● Data:

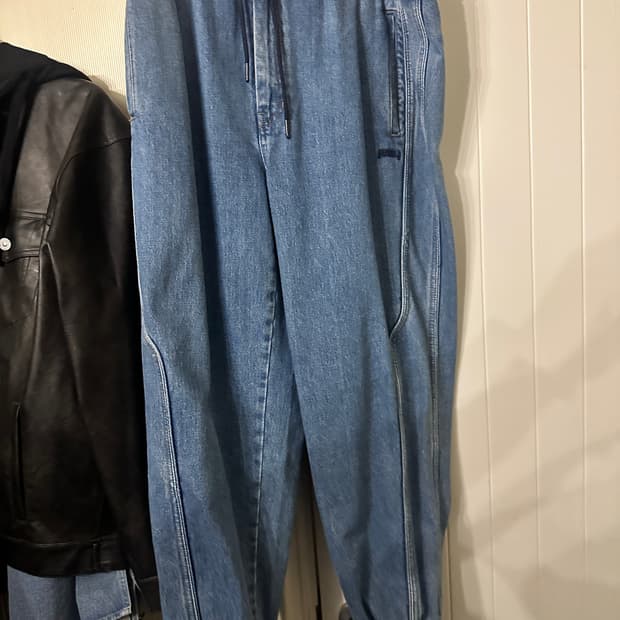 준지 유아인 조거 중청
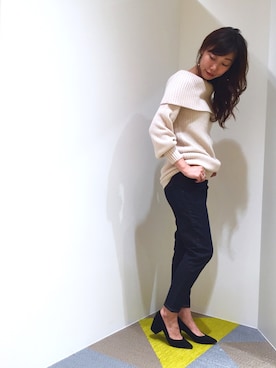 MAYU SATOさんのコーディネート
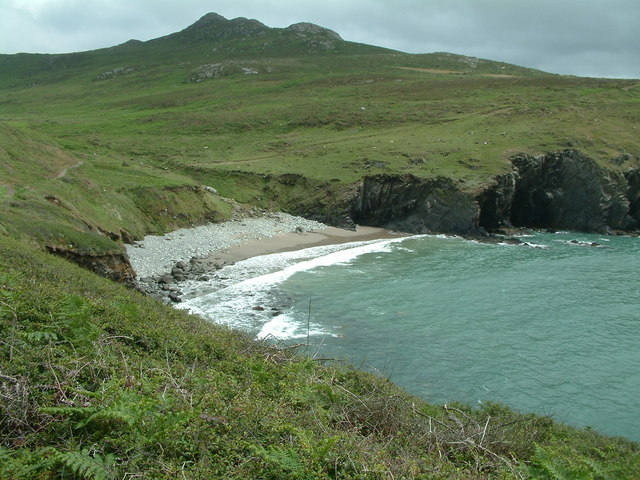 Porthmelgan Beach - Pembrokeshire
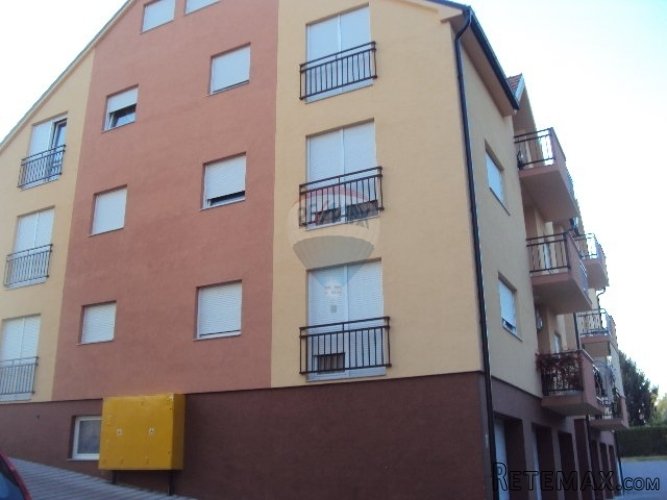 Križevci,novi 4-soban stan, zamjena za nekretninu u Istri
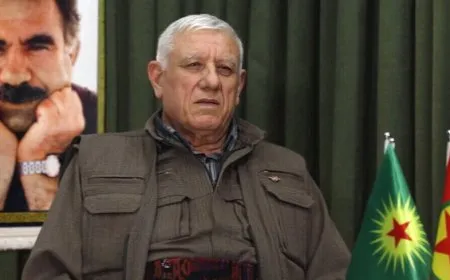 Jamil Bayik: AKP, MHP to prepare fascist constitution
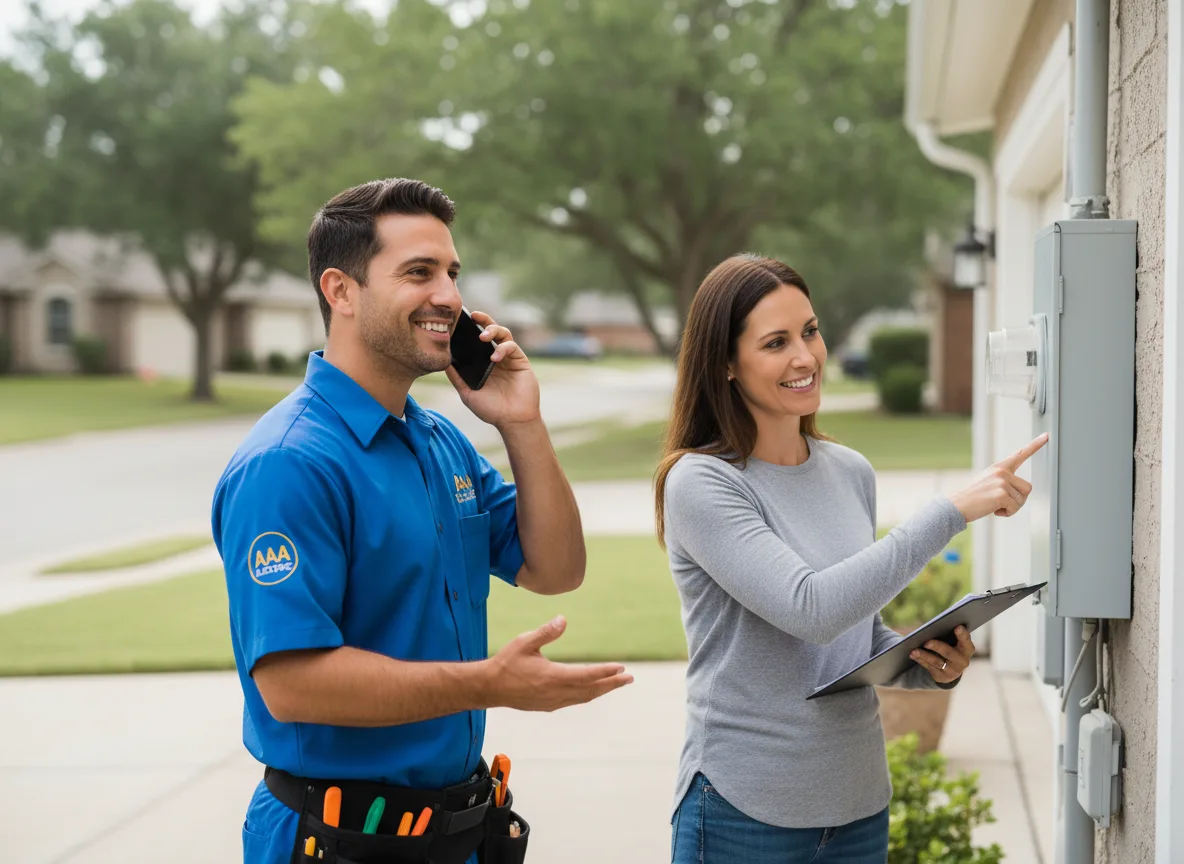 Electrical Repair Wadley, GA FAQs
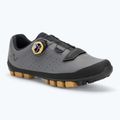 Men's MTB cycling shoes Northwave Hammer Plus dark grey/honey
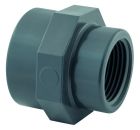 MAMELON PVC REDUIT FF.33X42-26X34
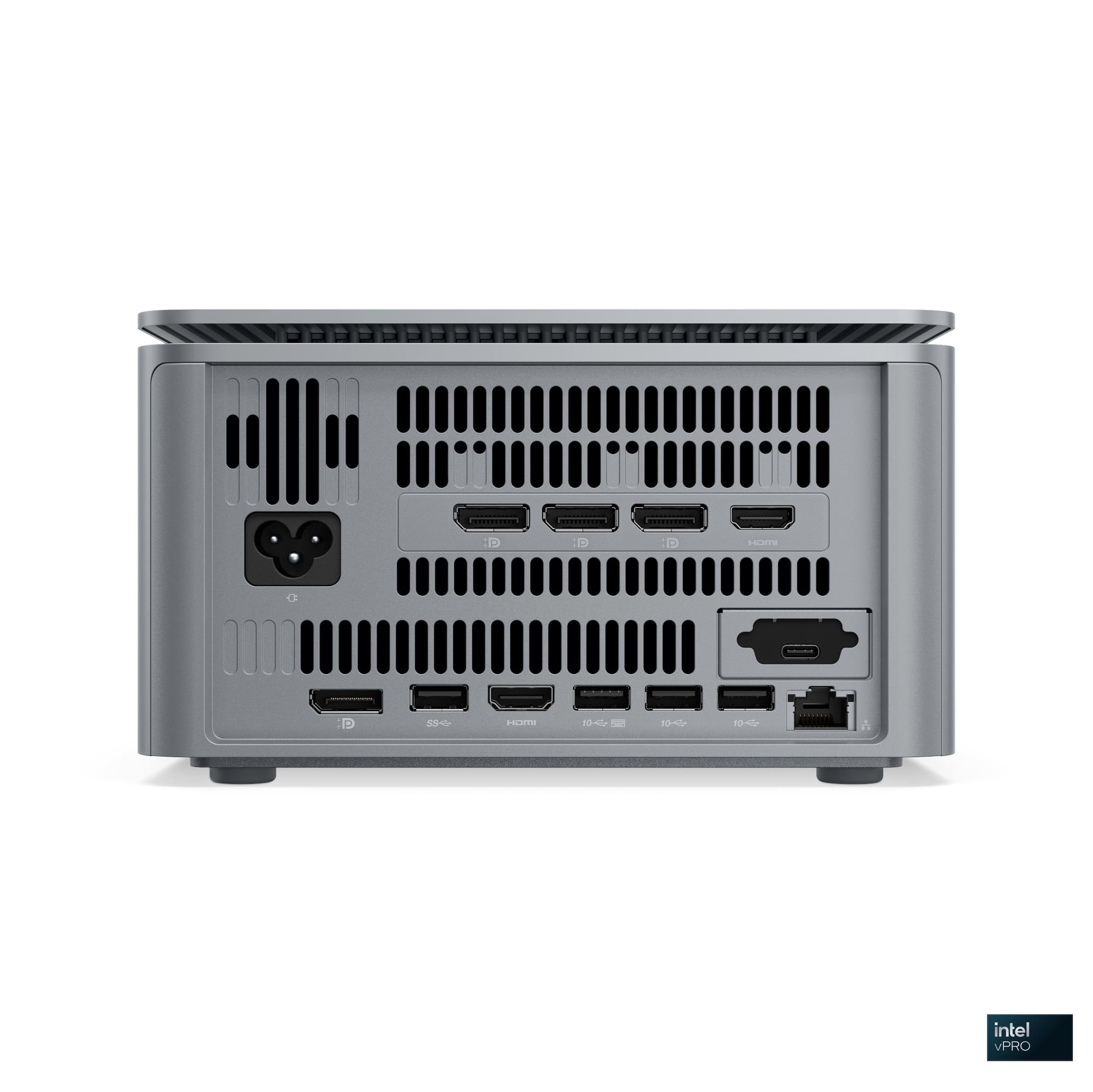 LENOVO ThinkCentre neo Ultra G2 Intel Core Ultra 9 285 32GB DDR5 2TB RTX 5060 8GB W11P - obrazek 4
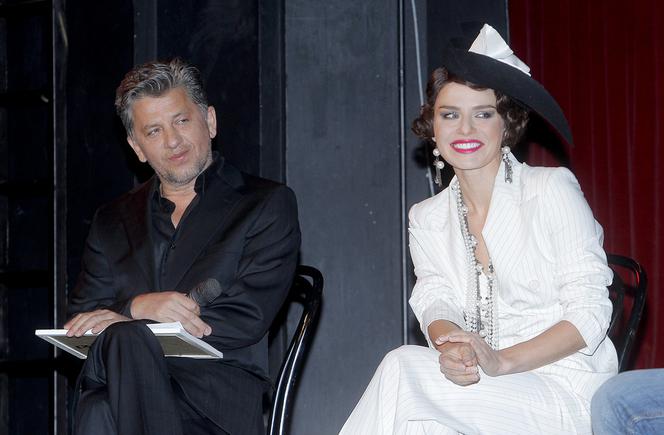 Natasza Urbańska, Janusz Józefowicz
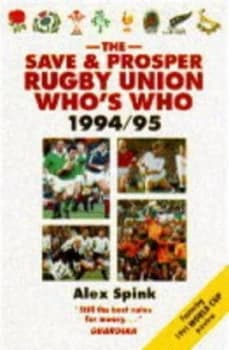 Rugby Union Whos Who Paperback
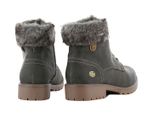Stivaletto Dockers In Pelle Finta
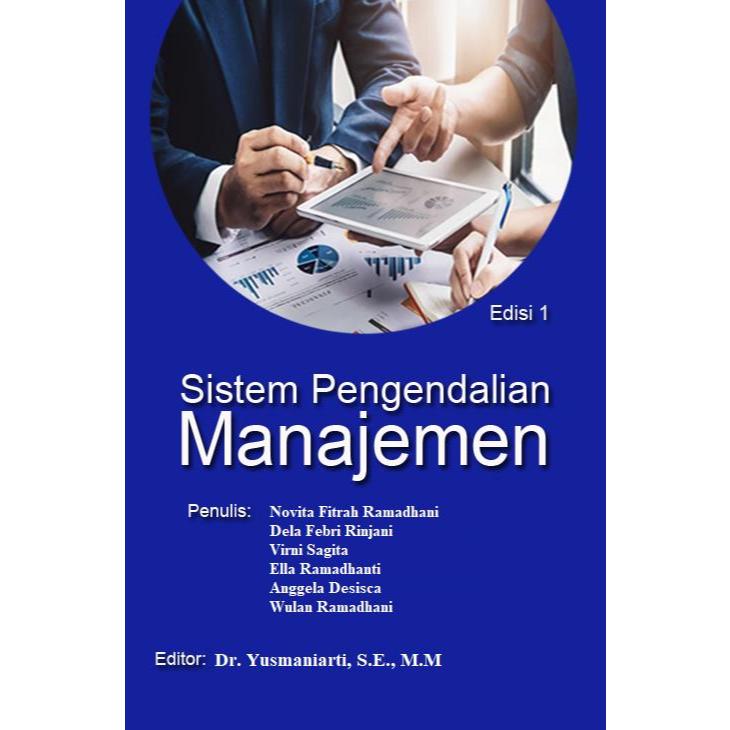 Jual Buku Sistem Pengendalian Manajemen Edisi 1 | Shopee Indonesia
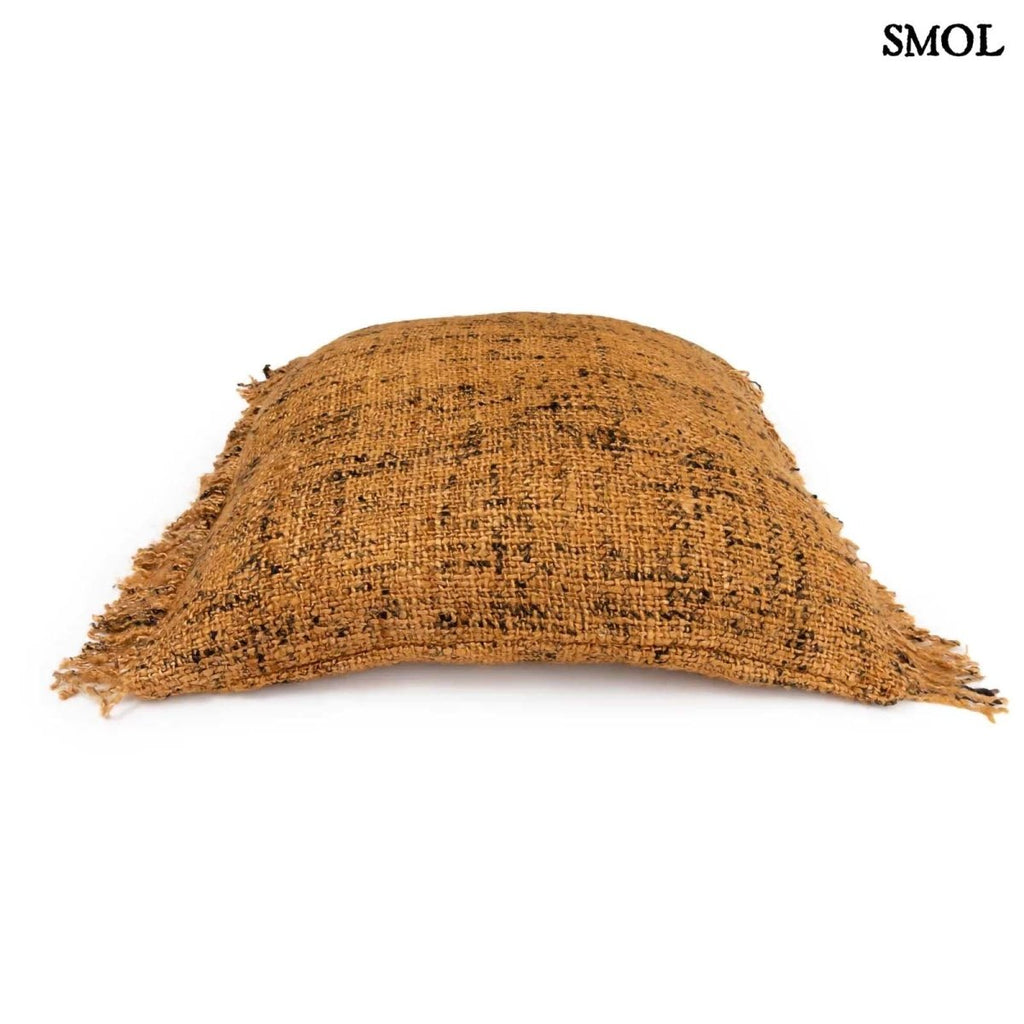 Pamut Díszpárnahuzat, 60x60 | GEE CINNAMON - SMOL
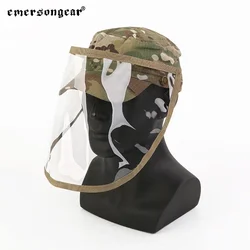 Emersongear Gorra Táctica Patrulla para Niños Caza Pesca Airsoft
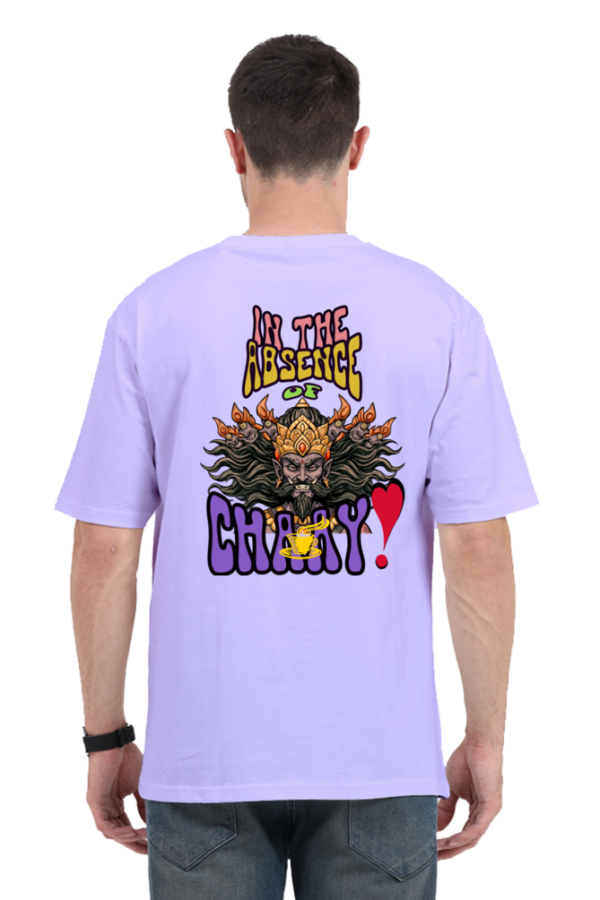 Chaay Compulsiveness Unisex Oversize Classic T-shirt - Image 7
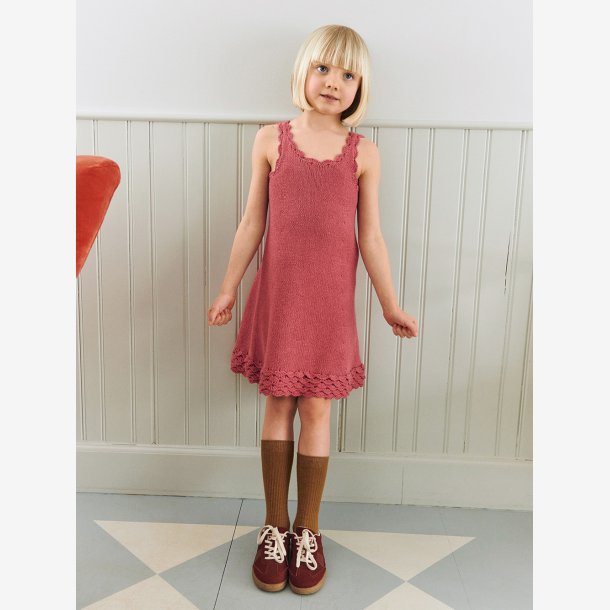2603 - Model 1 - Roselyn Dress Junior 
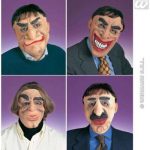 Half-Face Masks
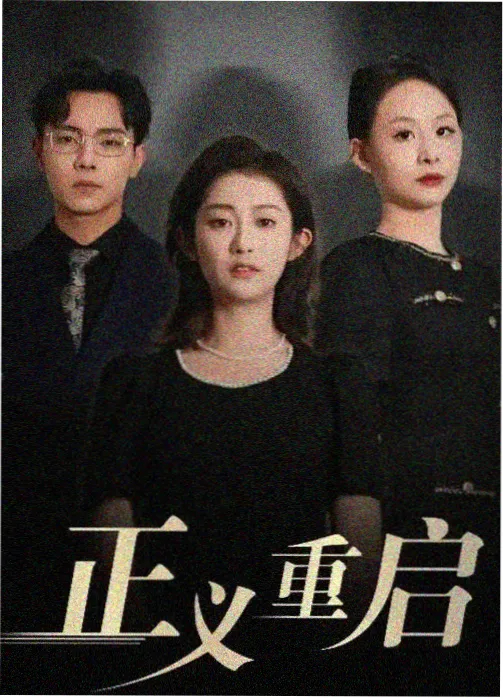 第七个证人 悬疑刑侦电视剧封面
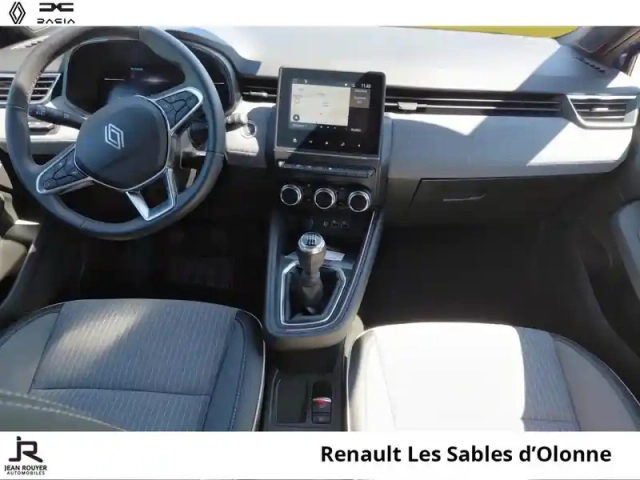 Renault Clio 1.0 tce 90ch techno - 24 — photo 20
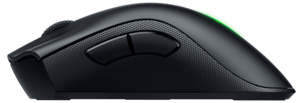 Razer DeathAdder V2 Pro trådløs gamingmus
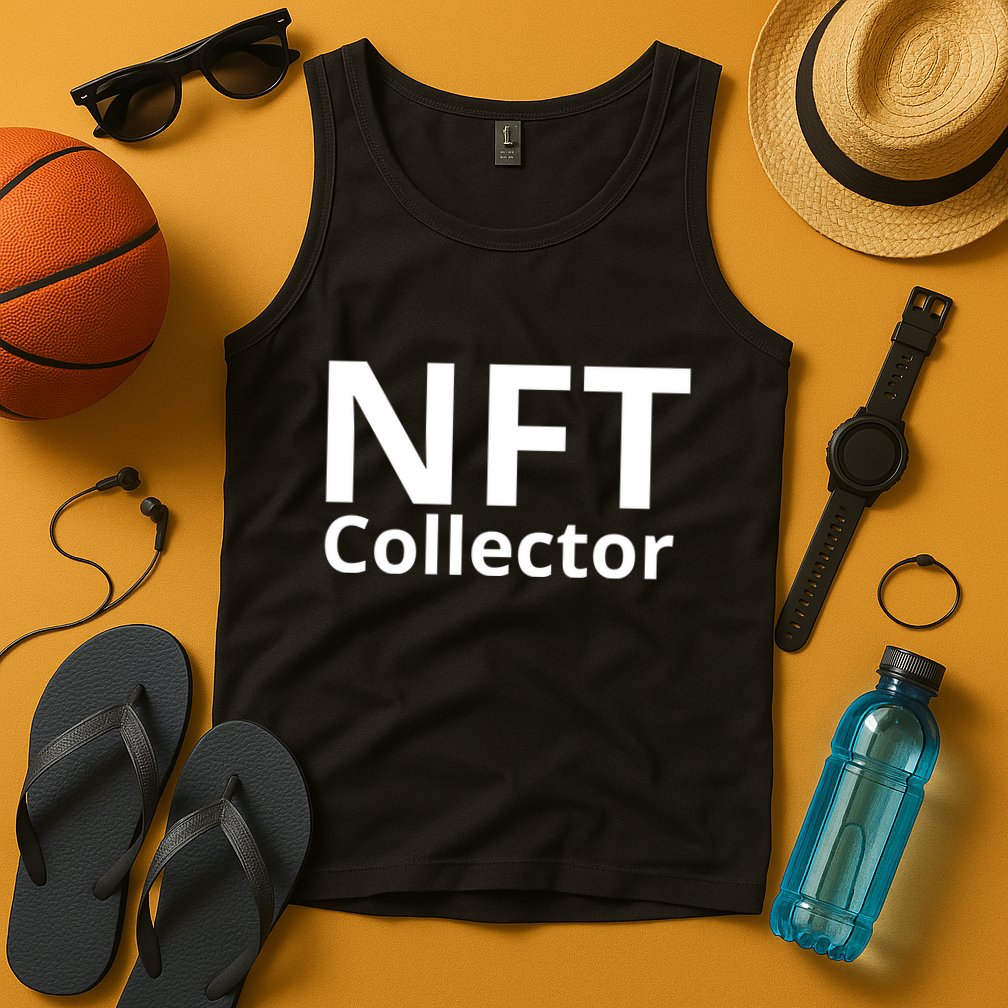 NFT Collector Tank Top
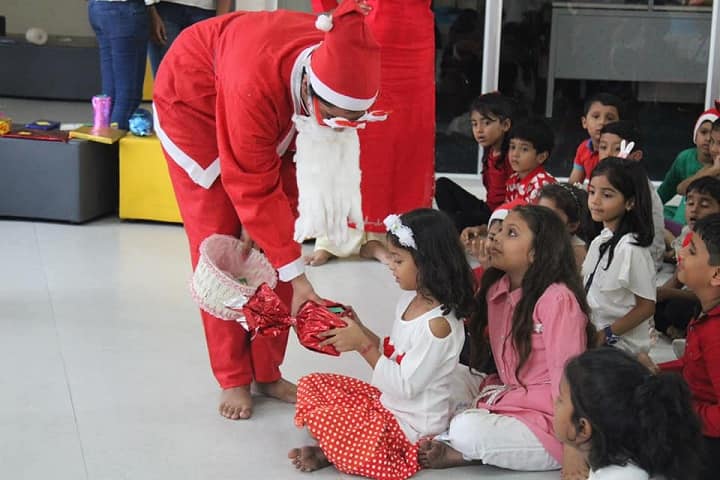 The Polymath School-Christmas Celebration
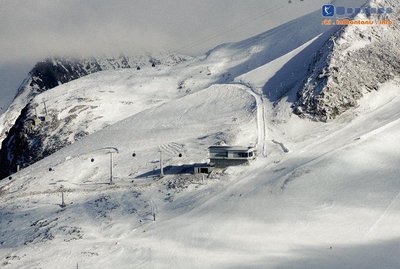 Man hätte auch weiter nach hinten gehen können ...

● Assigned task: Output the records exactly, please. The pictures are not part of the copy.

● Solution below:
 준지 유아인 조거 중청
 MAYU SATOさんのコーディネート
 Porthmelgan Beach - Pembrokeshire
 Križevci,novi 4-soban stan, zamjena za nekretninu u Istri
 Jamil Bayik: AKP, MHP to prepare fascist constitution
 Electrical Repair Wadley, GA FAQs
 Men's MTB cycling shoes Northwave Hammer Plus dark grey/honey
 MAMELON PVC REDUIT FF.33X42-26X34
 LENOVO ThinkCentre neo Ultra G2 Intel Core Ultra 9 285 32GB DDR5 2TB RTX 5060 8GB W11P - obrazek 4
 Natasza Urbańska, Janusz Józefowicz
 Rugby Union Whos Who Paperback
Stivaletto Dockers In Pelle Finta
 Jual Buku Sistem Pengendalian Manajemen Edisi 1 | Shopee Indonesia
 Pamut Díszpárnahuzat, 60x60 | GEE CINNAMON - SMOL
 Emersongear Gorra Táctica Patrulla para Niños Caza Pesca Airsoft
 Chaay Compulsiveness Unisex Oversize Classic T-shirt - Image 7
2603 - Model 1 - Roselyn Dress Junior 
 Half-Face Masks
 第七个证人 悬疑刑侦电视剧封面
 Renault Clio 1.0 tce 90ch techno - 24 — photo 20
 Razer DeathAdder V2 Pro trådløs gamingmus
 NFT Collector Tank Top
 The Polymath School-Christmas Celebration
 Man hätte auch weiter nach hinten gehen können ...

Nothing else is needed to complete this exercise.